_Exercise prompt:_ Whatever pictures appear, omit them, and repeat the data below exactly.

_Source data:_
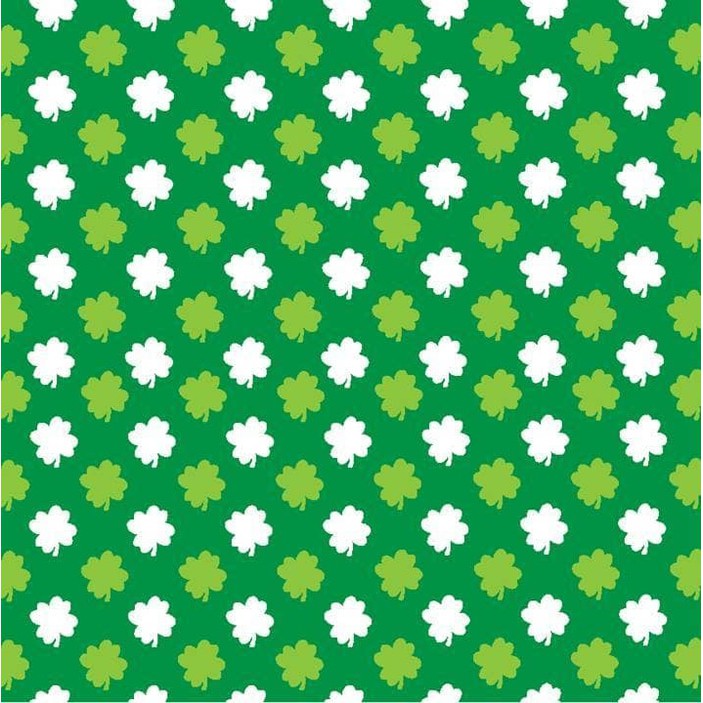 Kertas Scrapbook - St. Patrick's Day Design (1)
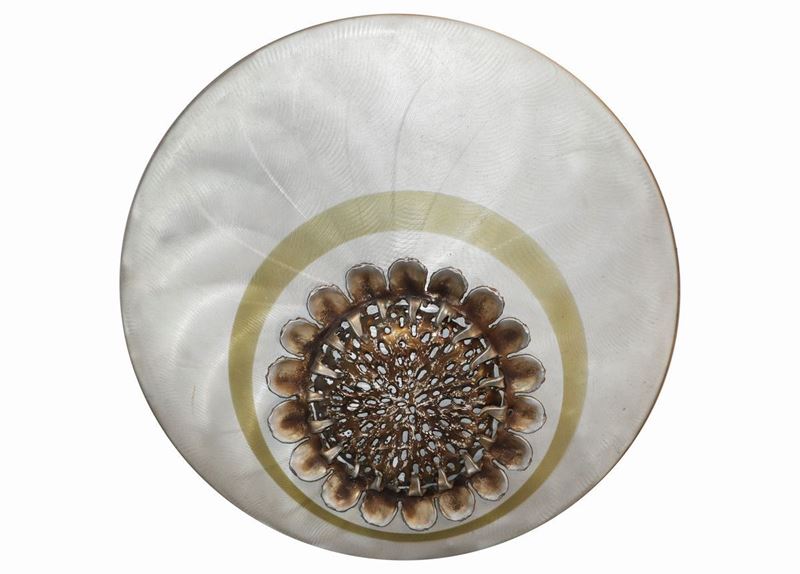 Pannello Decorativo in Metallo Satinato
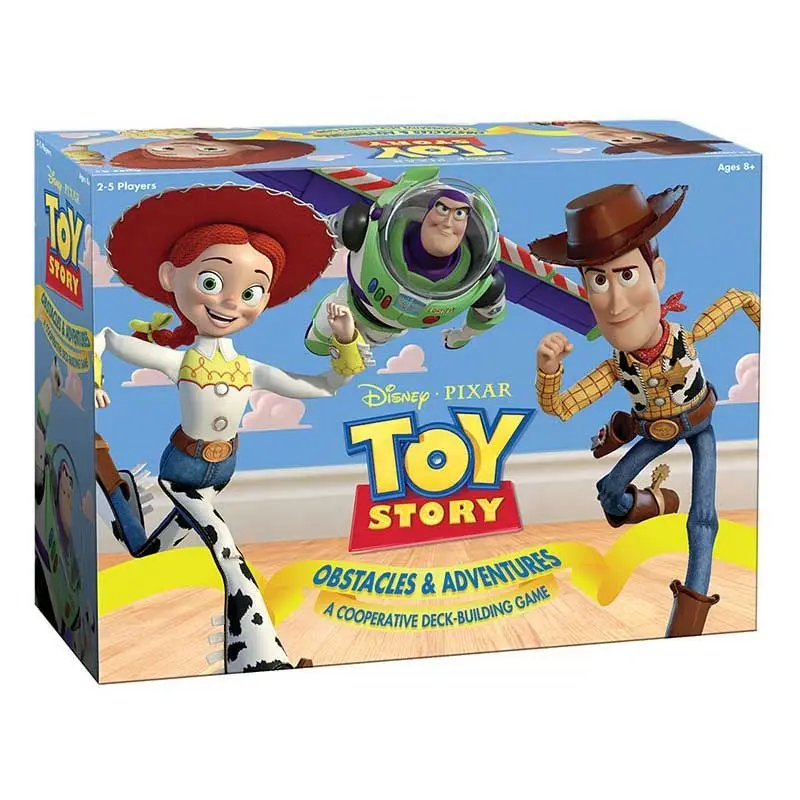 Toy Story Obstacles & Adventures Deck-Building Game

_Task output:_
 Kertas Scrapbook - St. Patrick's Day Design (1)
 Pannello Decorativo in Metallo Satinato
 Toy Story Obstacles & Adventures Deck-Building Game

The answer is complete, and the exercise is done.